Warner Bros disappoints with Mortal Kombat movie


Drey McGrew

The Mortal Kombat series is such an in depth masterpiece that this film just doesn’t do justice to.

Coming out on April 23rd, Mortal Kombat has been a highly anticipated hit since its trailer was released back in February. Sadly, the movie didn’t live up to its expectations and could be hard to watch at times. Adapting video games onto the big screen is always a gamble that directors must take regarding if the film will hit or miss, Director Simon McQuoid fell victim to the fate of a miss.

The film stars a wide variety of characters which is one of the better features of the film. For diehard fans of the Mortal Kombat video game series, being able to see some of your favorite players be brought to life is a high that will leave you wanting more. However, what the film lacks is character development for the overabundance of characters, a plothole riddled story and decent dialogue between characters.
The film starts off strong with the introduction of two of the franchise’s most popular characters Scorpion and Sub-zero meeting and fighting for the first time, essentially cementing their rivalry and how it came to be.

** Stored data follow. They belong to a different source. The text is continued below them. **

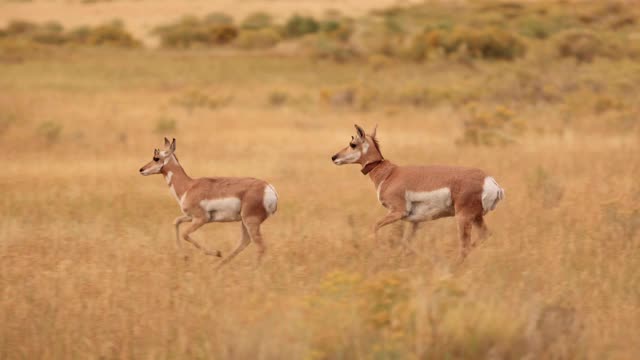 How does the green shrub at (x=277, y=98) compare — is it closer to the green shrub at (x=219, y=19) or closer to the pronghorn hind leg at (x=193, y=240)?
the pronghorn hind leg at (x=193, y=240)

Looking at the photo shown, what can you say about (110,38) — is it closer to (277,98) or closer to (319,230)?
(277,98)

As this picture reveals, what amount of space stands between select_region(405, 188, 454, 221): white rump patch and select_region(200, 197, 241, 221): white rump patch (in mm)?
1570

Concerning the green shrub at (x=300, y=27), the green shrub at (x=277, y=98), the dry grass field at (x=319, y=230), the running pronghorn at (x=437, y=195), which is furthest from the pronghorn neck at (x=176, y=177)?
the green shrub at (x=300, y=27)

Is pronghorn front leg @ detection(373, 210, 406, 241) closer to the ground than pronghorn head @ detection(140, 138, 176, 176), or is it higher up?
closer to the ground

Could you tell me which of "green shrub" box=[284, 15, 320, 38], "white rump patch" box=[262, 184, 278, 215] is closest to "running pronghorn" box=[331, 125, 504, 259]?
"white rump patch" box=[262, 184, 278, 215]

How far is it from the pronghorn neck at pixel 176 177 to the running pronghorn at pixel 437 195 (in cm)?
183

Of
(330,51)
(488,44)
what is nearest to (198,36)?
(330,51)

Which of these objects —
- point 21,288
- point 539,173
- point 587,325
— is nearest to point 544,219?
point 539,173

The film then immediately jumps to the present day following Cole young, the film’s main protagonist. Cole Young is not in any of the Mortal Kombat video games, therefore his backstory and who he is needs to be implanted firmly for watchers to understand what kind of character this protagonist is going to be. Yet, instead of doing so, for the next couple of scenes of the film, we are given such a lackluster introduction of the new character that, before we know it, he’s already thrown into the mix of a fast-paced plot that hasn’t even been explained yet.

This seems to be the situation throughout the entire film. There is too much content for the amount of information being distributed. It seems like the producer just decided to stack the lineup with one dimensional characters and hope to persuade watchers with intense fights and gory finishing moves.

I, being a fan of the Mortal Kombat video game franchise and having seen the original Mortal Kombat film released back in 1995, expected this result. This is a vast improvement of the film released in the ’90s, but it’s not good enough for me to say I enjoyed it. The Mortal Kombat series is such an in depth masterpiece that this film just doesn’t do justice to.

I am not taking away from the fight scenes and fatalities because those were some of my favorite parts of the movie to see adapted from the games, but as for the story, McQuoid needed to pick a decent plot and stick with it. I like how we got a new character as the antagonist, but if you’re going to branch off and build a unique story alongside following the original plot then you need to do a better job at developing your characters and making sure everyone, not just the video game players, can understand the story without having to google every detail.

This film was by no means good, but it was a step in the right direction. At the end of the day that is the most important thing to take away from this lackluster film. If Warner Bros is looking to potentially build a new movie franchise with this movie as the root, it’s not impossible for a sequel to happen; but if they want to succeed in the box office then they have a lot of work cut out for them. I personally rate this movie 5/10.